Transcribe the listing exactly, skipping every picture.
======== Source data
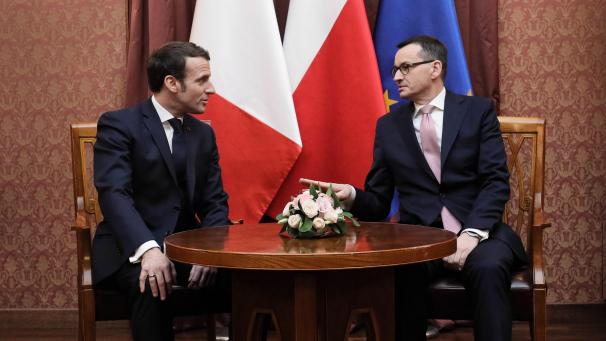 <p>Emmanuel Macron (links), Präsident von Frankreich, und Mateusz Morawiecki, Ministerpräsident von Polen, wollen wieder enger zusammenarbeiten.</p>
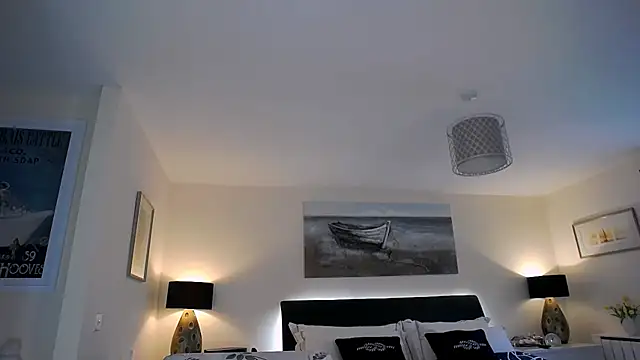 AlbanyWhite online show from May 18, 2026, 11:59 am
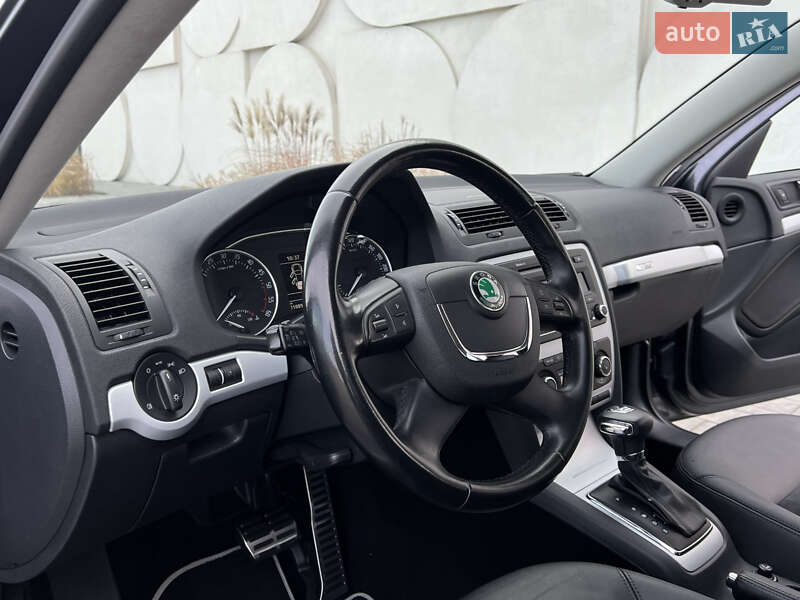 Универсал Skoda Octavia 2011 в Луцке фото 58 Универсал Skoda Octavia 2011 в Луцке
================
◆ **Output for this exercise**:
 <p>Emmanuel Macron (links), Präsident von Frankreich, und Mateusz Morawiecki, Ministerpräsident von Polen, wollen wieder enger zusammenarbeiten.</p>
 AlbanyWhite online show from May 18, 2026, 11:59 am
 Универсал Skoda Octavia 2011 в Луцке фото 58 Универсал Skoda Octavia 2011 в Луцке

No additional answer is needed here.